Sabe-se que, em seu aspecto material, o crime pode ser definido como uma lesão a um bem jurídico relevante à esfera penal, ou seja, todo fato lesivo que agride o Ordenamento jurídico e que proporciona o efeito imediato sob forma de sanção. Entretanto, a idéia do crime é complexa e passa por muitas tentativas de conceituação, desde conceitos clássicos, neo-clássicos até chegarmos ao conceito analítico de crime que o define como um fato típico, antijurídico e culpável. Ainda que se ressalve parte da doutrina que exclui a culpabilidade, do conceito de crime, posicionando-a com mero pressuposto da pena, a maior parte da doutrina sustenta que o crime é mesmo definido como fato típico, antijurídico e culpável. Desta forma, com cada um destes elementos sofrendo seus respectivos desdobramentos, chega-se até a idéia de que o fato típico é composto pela conduta, resultado, nexo causal e tipicidade. No primeiro termo desta composição (a conduta) estaria situada a omissão, relevante para o que se pretende abordar agora.

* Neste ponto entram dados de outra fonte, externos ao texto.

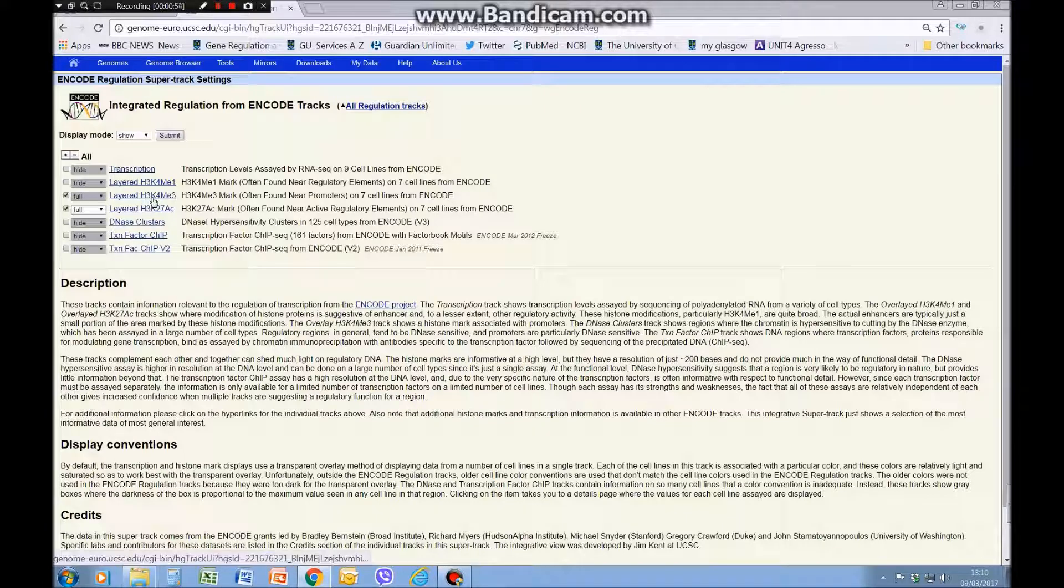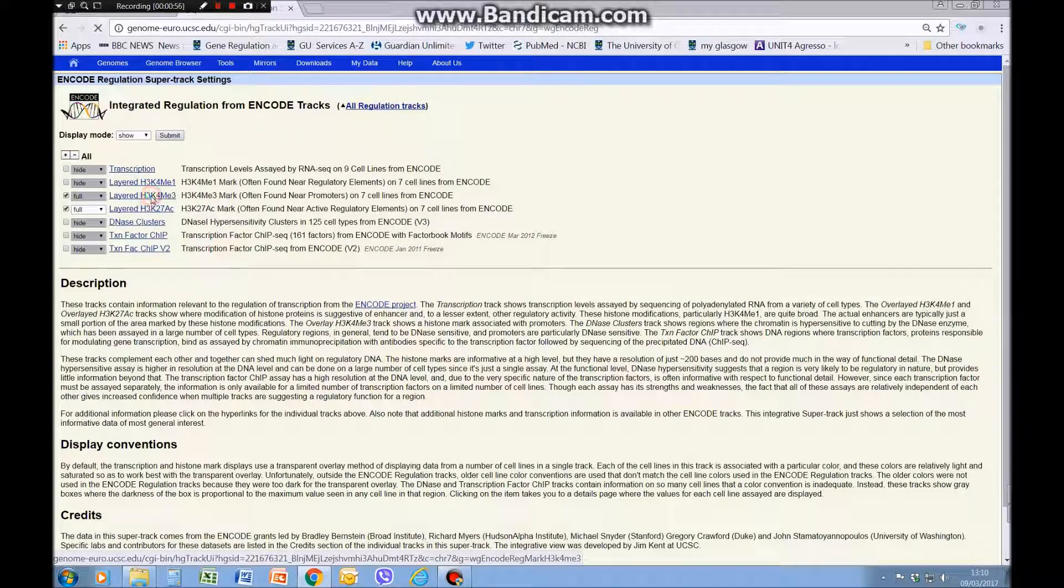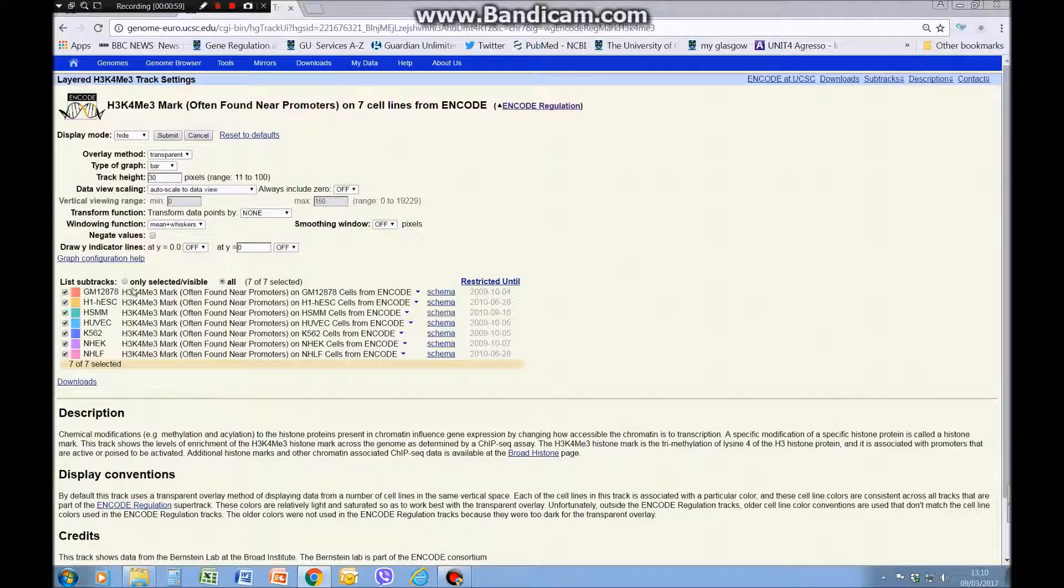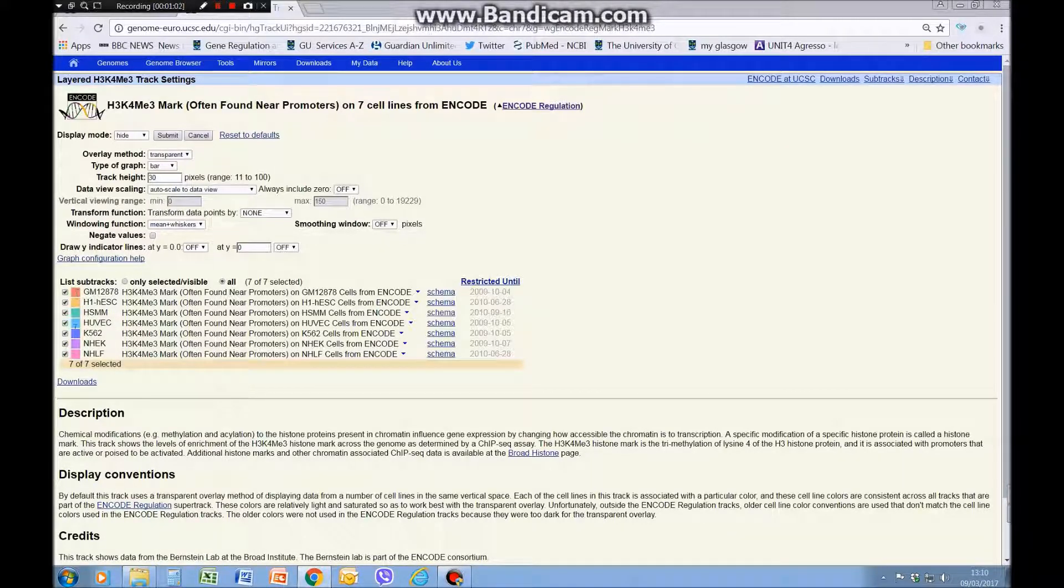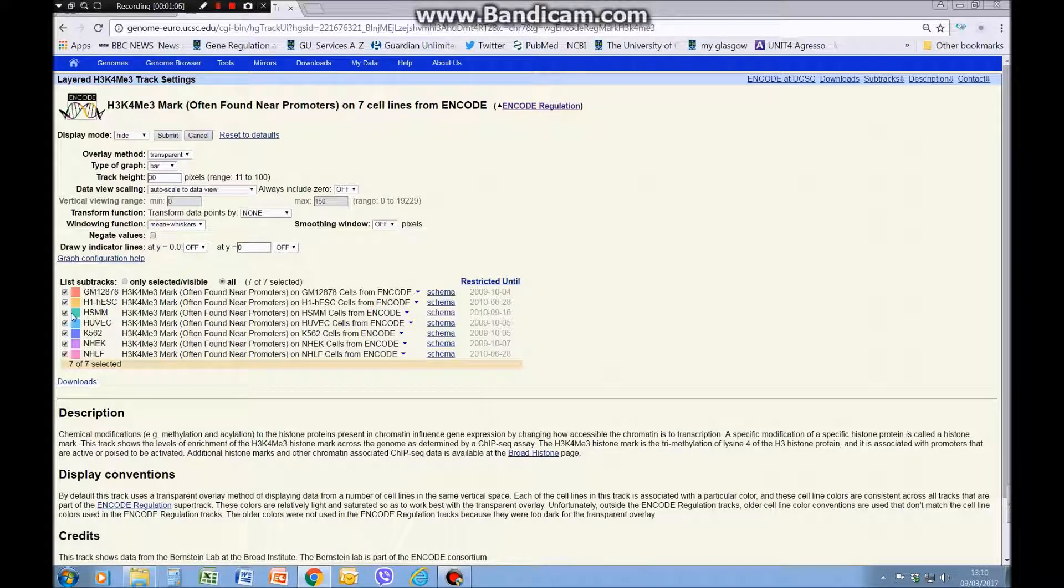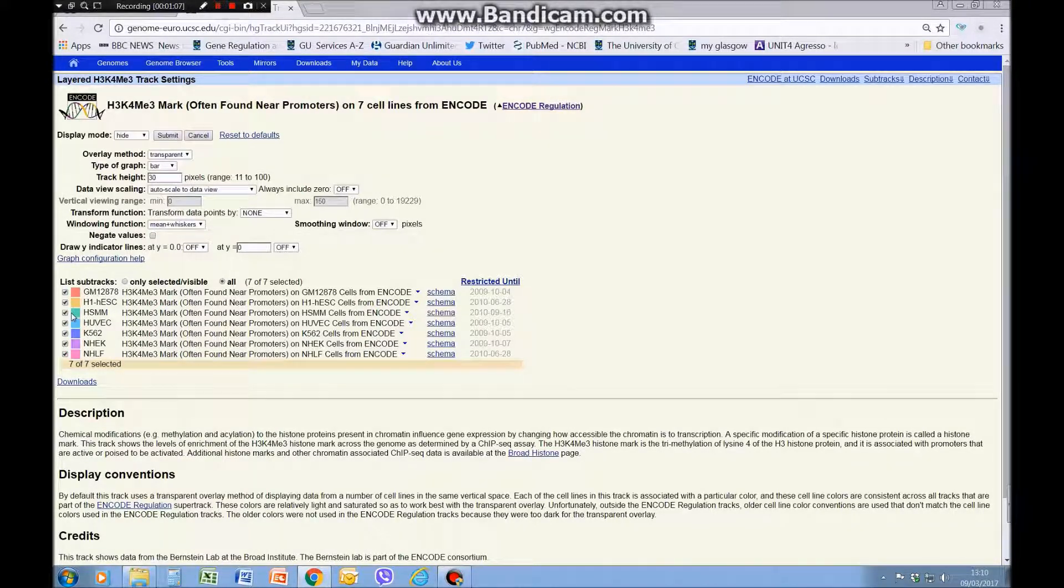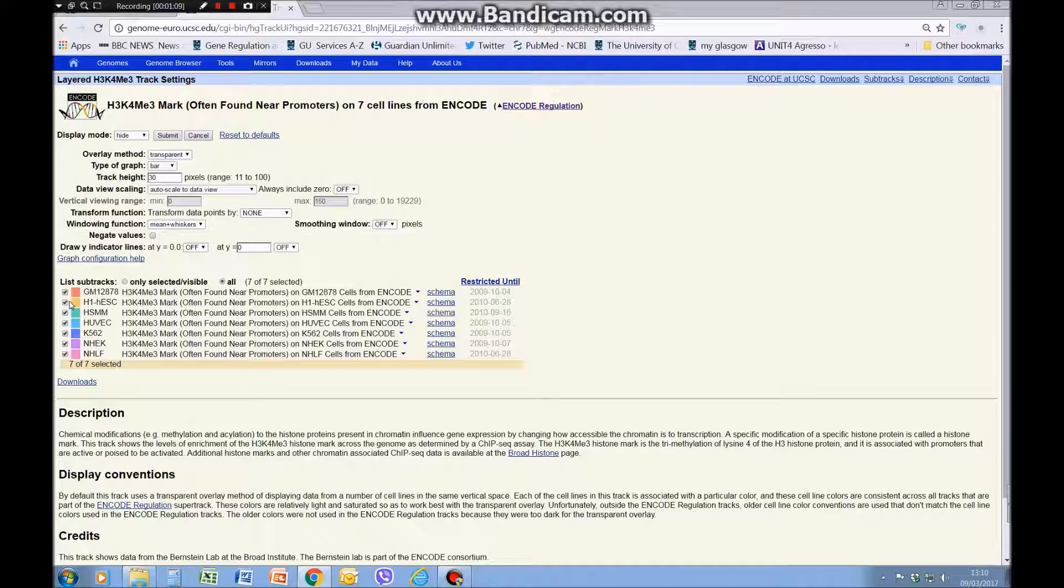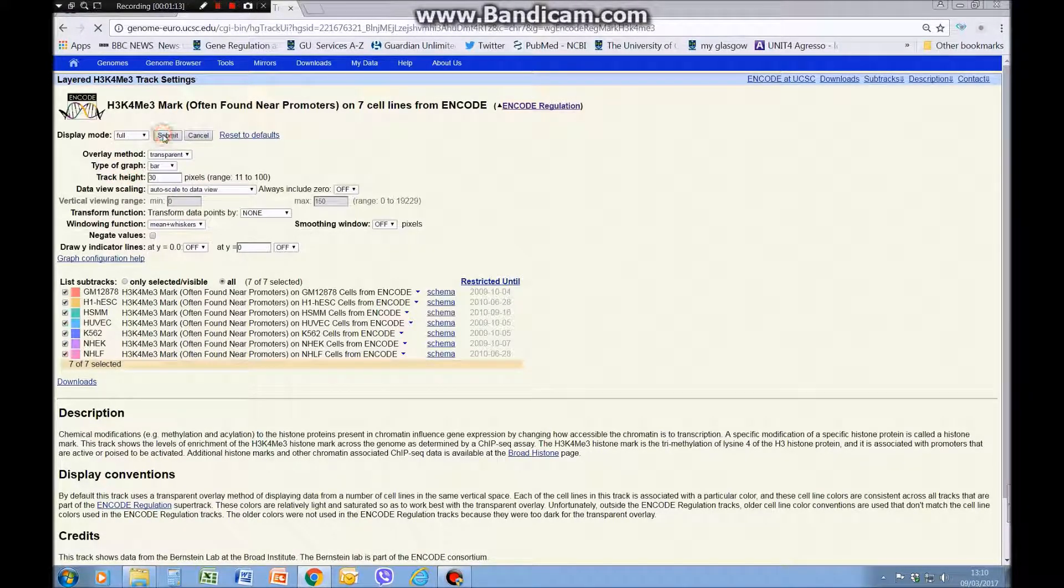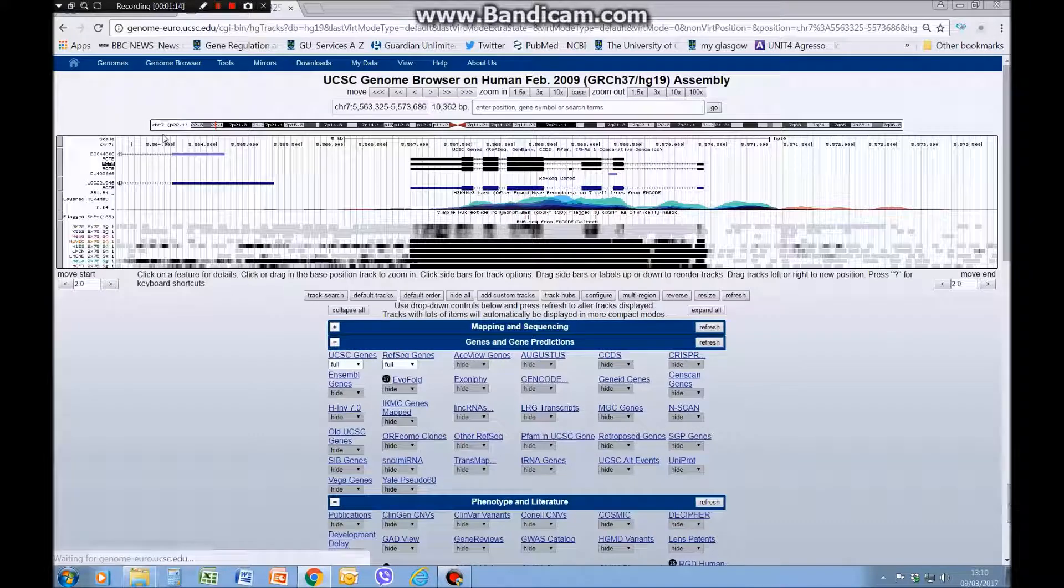You can also click on the links here and that takes you to a list of all the cell lines they've used. We'll just keep them all for now, but if you just wanted to look at one of them, if you knew that one cell line expressed your gene particularly, you can check these boxes on and off. We will set that to full and submit.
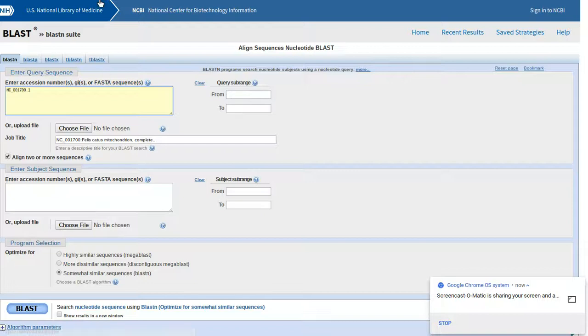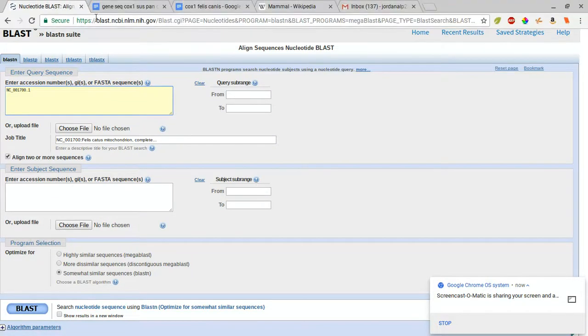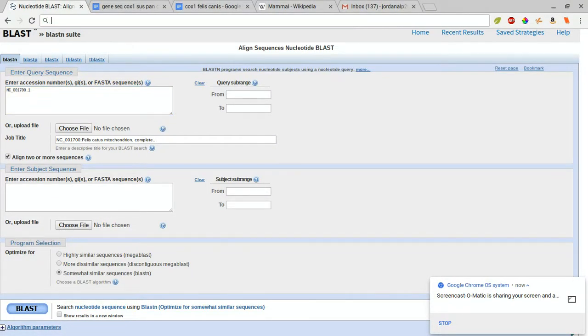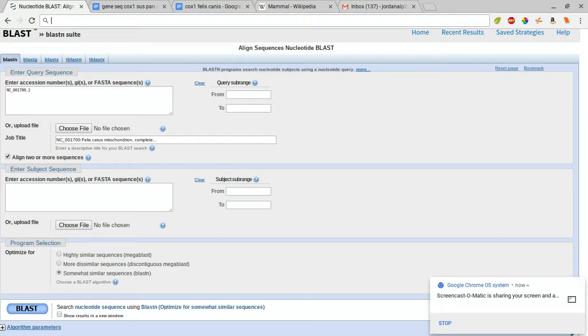Okay, hello. Today we're going to go over how to compare two nucleotide sequences of a gene from two different organisms to compare their similarity in genetics.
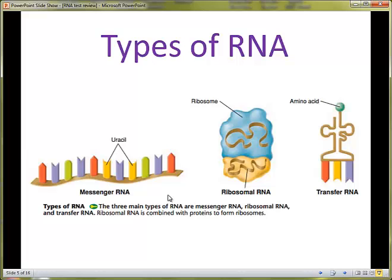However, the ribosomes cannot do that job unless they have a supply of the building materials for making proteins, which are amino acids. Now comes our third type of RNA, called transfer RNA. The job of transfer RNA is to actually transport the amino acids needed by the ribosome to build the proper protein. Every time the ribosome reads a particular codon, it sends a signal to transfer RNA to transport a particular amino acid to the ribosome so it can be linked together into a polypeptide chain.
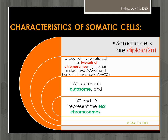Now let us see what are the characteristics of somatic cells. Somatic cells are diploid in nature. That means each somatic cell has two sets of chromosomes. One set is contributed by the paternal parent or father and the other set is contributed by the maternal parent or mother.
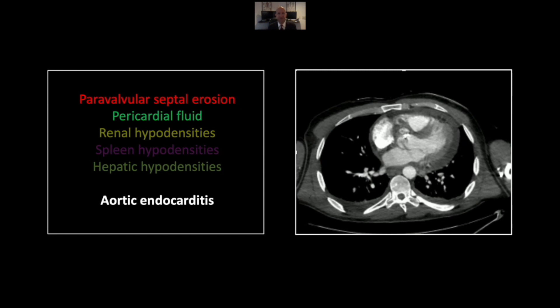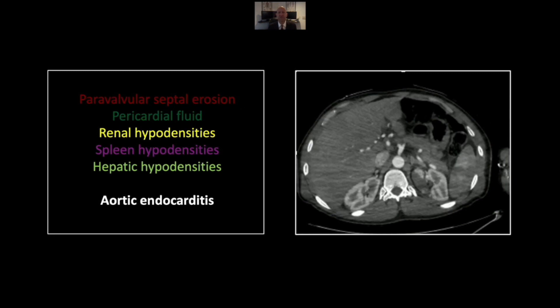Our next case is aortic endocarditis. This manifests as a paravalvular erosion or contrast collection in the upper septum in the region of the AV node, which explains why many of these patients present with heart block. This is a common location for a ring abscess — a complication of aortic endocarditis. Note also a significant pericardial fluid collection, which in this case represents a piopericardium. In the abdomen there is evidence of embolic phenomena in the kidneys, the spleen, and even the liver, consistent with an arterial embolic shower.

Fala maior parte da doutrina que não existe nexo causal entre a omissão e o resultado, ou seja, não existiria liame entre a conduta omissiva e o resultado causado por esta conduta. Neste sentido Bitencourt (BITENCOURT: 2004) pontua: “ Na doutrina predomina o entendimento de que na omissão não existe causalidade, considerada sob o aspecto naturalístico, pois do nada não pode vir nada”. Além de Bitencourt, Luiz Regis Prado (PRADO: 2002) acompanha o pensamento: “ Como já exposto, não há relação de causalidade alguma na omissão (ex nihilo nihil fit). O simples fato de estar o sujeito em atitude passiva deixa claro a impossibilidade de originar-se qualquer processo gerador de um resultado”. Entretanto mesmo dentro desta corrente há algumas exceções que entendem que se como nexo normativo não há causalidade alguma na omissão, o mesmo não se pode alegar nas hipóteses de crimes omissivos impróprios (comissivos por omissão) onde há a obrigação de agir para evitar um resultado concreto. Haveria nesses casos portanto, um liame entre o resultado e a não-ação do agente em virtude principalmente da sua função garantidora. Tal liame, parte da doutrina aponta como um “nexo de não-impedimento” e não propriamente um nexo causal.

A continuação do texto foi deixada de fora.